Play the game, watch the movie

The mysterious Cube Escape series takes on a new dimension.

You wake up in a strange room. The doors are locked, spooky artifacts are all around. Soon it becomes clear that to make your way out, you will have to solve a series of complex and, at times, absurd puzzles. Welcome to Cube Escape: Paradox.

Spot the difference? The short film is very closely linked to the game.

Paradox’s mechanics will be familiar to fans of the series and the ‘room escape’ genre in general – find objects and use them to solve puzzles. But there’s a lot more going on beneath the surface.

For a start, you have the choice of playing the game or watching the short film based on the same story and setting. Better yet: do both and you get an even deeper understanding of what’s going on in this strange universe.

This weird world has taken on an extra dimension with the arrival of the movie.

“Fans will feel right at home [watching the movie],” says Rusty Lake co-founder Robin Ras. “A lot of the props in the room are replicas of objects from our games, so it’s very recognisable.”

“The idea for a movie actually originated with our fans,” continues Ras. “We got the suggestion to make a film on social media and we even saw fan-made trailers online.”

Shot in the Czech Republic and directed by one of Ras’s former classmates, the movie aims to capture the same eerie feeling of being trapped and having to solve bizarre puzzles to escape. The room in both the game and the film are the same and players will encounter the same objects as presented in the movie.

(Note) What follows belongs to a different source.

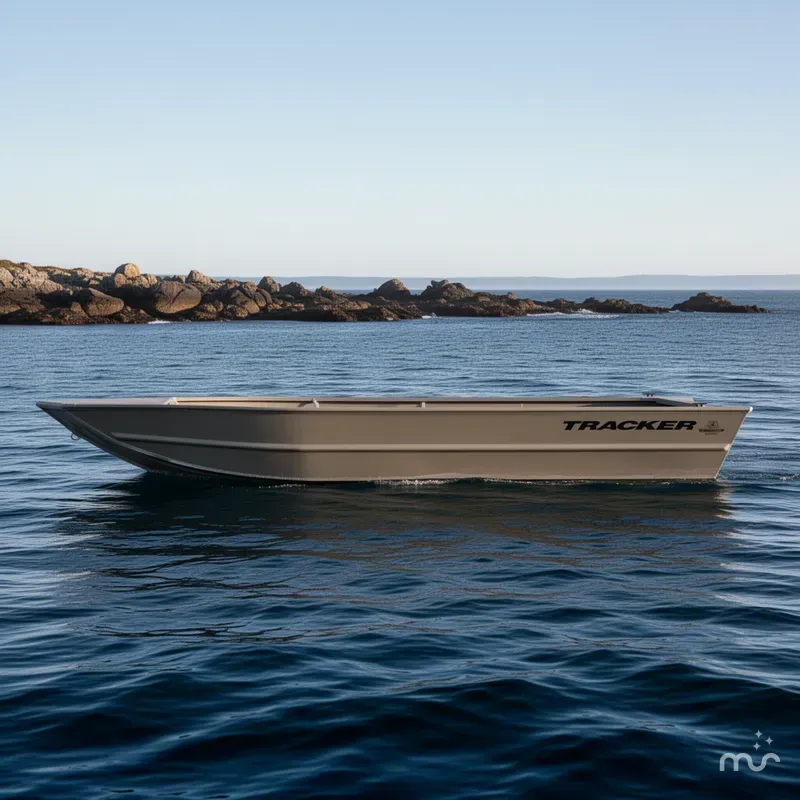 Slide: The Image of Tracker Grizzly 1754 Utility 2026 - 2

There are further secrets to be found in the links between the game and film.

But it wouldn’t be the Cube Escape series if both the movie and the game didn’t have some secrets to uncover. Ras promises that fans who engage with both, and figure out the unique connection between the two, will get access to some exclusive content.

In producing both a film and a game, Rusty Lake makes the most of the series’ highly developed backstories. And it also plays to the dedicated fanbase that can’t wait for every new release to hit their devices.

“The fans really love [the universe]. There’s a wiki with all the info so far about this world we created, and it’s run by a fan – honestly, we use it all the time to keep track of the stories we write as well,” laughs Ras.

A passionate fanbase of sleuths helped fund the movie, too.

The fans also made the movie a reality. Rusty Lake set up a crowdfunding campaign to finance the production and raised more than double the goal amount. It shows that Ras and his co-founder Maarten Looise have really engaged with their fans.

“We have direct contact with them through social media and ask them for input all the time. For example, the Cube Escape games have always been free to download. When we were thinking of putting out our first premium game under the Rusty Lake name, we literally asked our fans if they would be okay with us doing this,” explains Ras. “The response we got was very positive.”

With Cube Escape: Paradox Rusty Lake has finished its thirteenth game in three years – and its first film. Considering that fans can’t seem to get enough, the limits of the Cube Escape universe have surely yet to be reached.